この本はベジ・スイーツと呼ぶ、からだにやさしい洋菓子作りを紹介するものです。食の世界の流れの中で、今最も注目されているのが、健康に配慮した料理です。この流れは洋菓子の世界でも例外ではありません。
洋菓子は嗜好品として味覚(おいしさ)と視覚(うつくしさ)を追求して、日常的な食品として幅広く定着してきました。

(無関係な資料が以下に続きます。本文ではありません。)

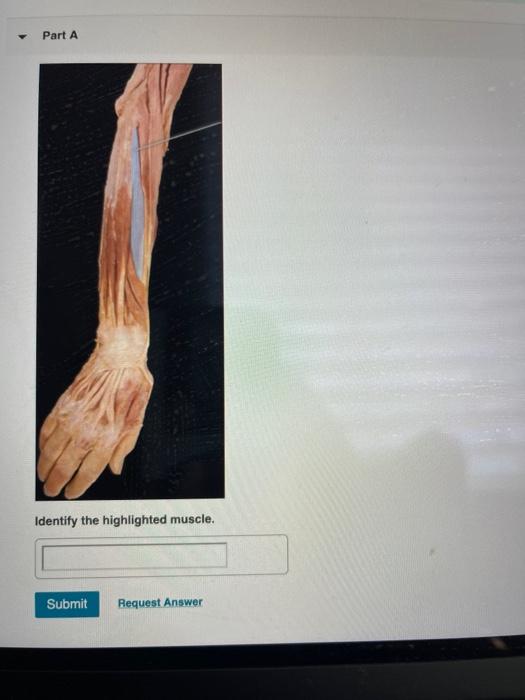 Solved Muscular System: Upper Limb > Lab Practical PAL: | Chegg.com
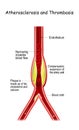 Atherosclerosis and Thrombosis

この洋菓子が味覚と視覚の価値を保ちながら、どのようにして健康に配慮した商品が作れるのか?
この試みが本書の目的です。
健康に配慮した料理と洋菓子は、すでに小社既刊、料理と健康シリーズ
「ナチュラル・ホールフード・クックブック」
「スーパーファストフード」
「ベジ・ダイニング」
で、その考え方が紹介されました。
本書掲載の商品は、これら書籍で紹介された商品を基にして、オリジナル商品を加えて、配合・製法で分類分けして、プロの視点で「ベジ・スイーツ」という新分野を形作る第一歩となります。
本書構成は3章に分けられます。
第1章は「ホールフード・スイーツ」。
ホールフードの洋菓子作りです。洋菓子の基本構成を「小麦全粒粉+卵+酪農品+天然甘味料」として、小麦全粒粉やキビ砂糖、メープルシロップなどを使用した菓子作りです。
第2章は「ベジ・スイーツ、植物性素材の洋菓子」。
植物性素材で作る「焼き菓子・乾き菓子(クッキー類)・クリーム菓子・チョコレート」などです。植物性油脂や豆腐、ナッツペーストなど、植物性素材の特長を生かしています。
第3章は「小麦全粒粉のパン」。
毎日の食卓に、健康に配慮した小麦全粒粉を使ったパンを取り上げています。
これらに共通するのは商品価値を素材選択に求める試みでもあります。